# EXTRACTED RECORDS:

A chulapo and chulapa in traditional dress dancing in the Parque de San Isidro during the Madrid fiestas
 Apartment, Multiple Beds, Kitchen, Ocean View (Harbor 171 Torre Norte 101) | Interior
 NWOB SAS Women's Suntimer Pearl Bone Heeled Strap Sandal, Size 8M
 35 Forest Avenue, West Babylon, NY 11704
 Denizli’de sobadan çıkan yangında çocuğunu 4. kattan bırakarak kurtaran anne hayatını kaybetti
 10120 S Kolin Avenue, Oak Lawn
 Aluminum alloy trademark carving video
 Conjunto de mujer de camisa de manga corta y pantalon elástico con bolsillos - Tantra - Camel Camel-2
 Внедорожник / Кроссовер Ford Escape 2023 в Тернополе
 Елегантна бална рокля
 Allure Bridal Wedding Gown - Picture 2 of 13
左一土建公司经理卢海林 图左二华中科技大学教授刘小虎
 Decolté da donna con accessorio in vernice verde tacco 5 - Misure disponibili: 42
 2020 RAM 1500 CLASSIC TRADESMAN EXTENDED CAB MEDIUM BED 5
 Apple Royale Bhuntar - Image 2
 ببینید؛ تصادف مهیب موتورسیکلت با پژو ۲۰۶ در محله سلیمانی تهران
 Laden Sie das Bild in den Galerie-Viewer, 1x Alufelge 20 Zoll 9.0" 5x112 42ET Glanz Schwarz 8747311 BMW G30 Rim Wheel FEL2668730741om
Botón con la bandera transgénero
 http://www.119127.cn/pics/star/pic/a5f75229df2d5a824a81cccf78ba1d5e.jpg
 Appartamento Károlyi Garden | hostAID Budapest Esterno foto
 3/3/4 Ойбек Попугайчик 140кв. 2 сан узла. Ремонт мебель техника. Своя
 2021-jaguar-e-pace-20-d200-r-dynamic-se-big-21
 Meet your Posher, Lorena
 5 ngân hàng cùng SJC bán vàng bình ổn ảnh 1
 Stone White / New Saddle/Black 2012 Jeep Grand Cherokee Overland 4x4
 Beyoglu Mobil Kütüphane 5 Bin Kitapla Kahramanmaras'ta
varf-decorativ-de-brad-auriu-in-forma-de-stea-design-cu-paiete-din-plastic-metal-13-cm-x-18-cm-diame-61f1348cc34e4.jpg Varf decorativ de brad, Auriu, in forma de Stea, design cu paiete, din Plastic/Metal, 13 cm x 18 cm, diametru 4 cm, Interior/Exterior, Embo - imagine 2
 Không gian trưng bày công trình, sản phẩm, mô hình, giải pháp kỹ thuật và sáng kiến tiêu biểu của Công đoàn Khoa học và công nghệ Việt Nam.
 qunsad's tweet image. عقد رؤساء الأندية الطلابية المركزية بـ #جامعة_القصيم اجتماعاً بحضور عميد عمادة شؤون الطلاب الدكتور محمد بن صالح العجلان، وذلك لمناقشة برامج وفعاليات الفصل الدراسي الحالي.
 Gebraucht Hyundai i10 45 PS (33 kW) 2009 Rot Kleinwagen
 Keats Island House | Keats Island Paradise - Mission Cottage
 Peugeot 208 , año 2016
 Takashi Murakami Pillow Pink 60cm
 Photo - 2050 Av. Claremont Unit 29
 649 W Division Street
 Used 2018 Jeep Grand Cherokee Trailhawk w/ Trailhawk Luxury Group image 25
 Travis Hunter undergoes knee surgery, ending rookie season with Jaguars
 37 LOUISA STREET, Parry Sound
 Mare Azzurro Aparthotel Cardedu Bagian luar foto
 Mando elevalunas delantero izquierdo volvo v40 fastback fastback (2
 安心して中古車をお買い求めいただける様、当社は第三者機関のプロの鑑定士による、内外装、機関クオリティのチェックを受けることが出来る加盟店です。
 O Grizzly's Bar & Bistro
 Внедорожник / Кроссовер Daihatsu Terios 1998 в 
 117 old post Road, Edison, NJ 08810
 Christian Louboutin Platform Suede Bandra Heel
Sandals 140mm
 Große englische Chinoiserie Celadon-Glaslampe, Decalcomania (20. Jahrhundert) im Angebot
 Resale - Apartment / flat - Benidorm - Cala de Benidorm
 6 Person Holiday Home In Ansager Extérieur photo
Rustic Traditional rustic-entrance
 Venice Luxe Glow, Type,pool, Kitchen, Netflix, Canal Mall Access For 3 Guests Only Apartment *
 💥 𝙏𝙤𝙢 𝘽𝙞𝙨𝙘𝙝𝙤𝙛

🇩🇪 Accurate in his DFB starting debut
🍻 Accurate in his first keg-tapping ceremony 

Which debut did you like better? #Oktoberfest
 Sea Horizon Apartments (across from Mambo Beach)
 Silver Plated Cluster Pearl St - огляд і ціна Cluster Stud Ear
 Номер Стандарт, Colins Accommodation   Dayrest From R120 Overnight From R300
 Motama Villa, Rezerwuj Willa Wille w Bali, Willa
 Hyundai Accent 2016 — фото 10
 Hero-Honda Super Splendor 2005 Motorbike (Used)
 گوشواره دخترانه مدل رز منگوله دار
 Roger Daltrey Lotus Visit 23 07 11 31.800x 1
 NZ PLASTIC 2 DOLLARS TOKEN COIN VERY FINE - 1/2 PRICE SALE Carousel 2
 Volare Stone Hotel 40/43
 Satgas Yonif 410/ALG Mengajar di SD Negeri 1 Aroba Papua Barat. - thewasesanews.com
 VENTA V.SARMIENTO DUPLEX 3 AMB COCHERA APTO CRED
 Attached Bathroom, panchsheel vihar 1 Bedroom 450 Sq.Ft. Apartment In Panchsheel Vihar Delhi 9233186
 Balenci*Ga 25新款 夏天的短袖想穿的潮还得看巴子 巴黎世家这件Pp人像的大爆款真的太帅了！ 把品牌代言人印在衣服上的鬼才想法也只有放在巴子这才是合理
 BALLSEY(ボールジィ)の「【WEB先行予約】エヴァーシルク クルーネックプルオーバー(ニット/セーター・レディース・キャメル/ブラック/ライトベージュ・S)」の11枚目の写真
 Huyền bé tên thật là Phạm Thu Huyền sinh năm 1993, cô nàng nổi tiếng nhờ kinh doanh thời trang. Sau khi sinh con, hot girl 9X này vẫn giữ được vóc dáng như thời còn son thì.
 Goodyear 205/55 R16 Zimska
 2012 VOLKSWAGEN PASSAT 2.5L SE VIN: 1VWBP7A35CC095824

# ABOUT THIS TASK:
Among the entries above, how many lines contain the string "Used"? Only the number should be given.

# ANSWER:
2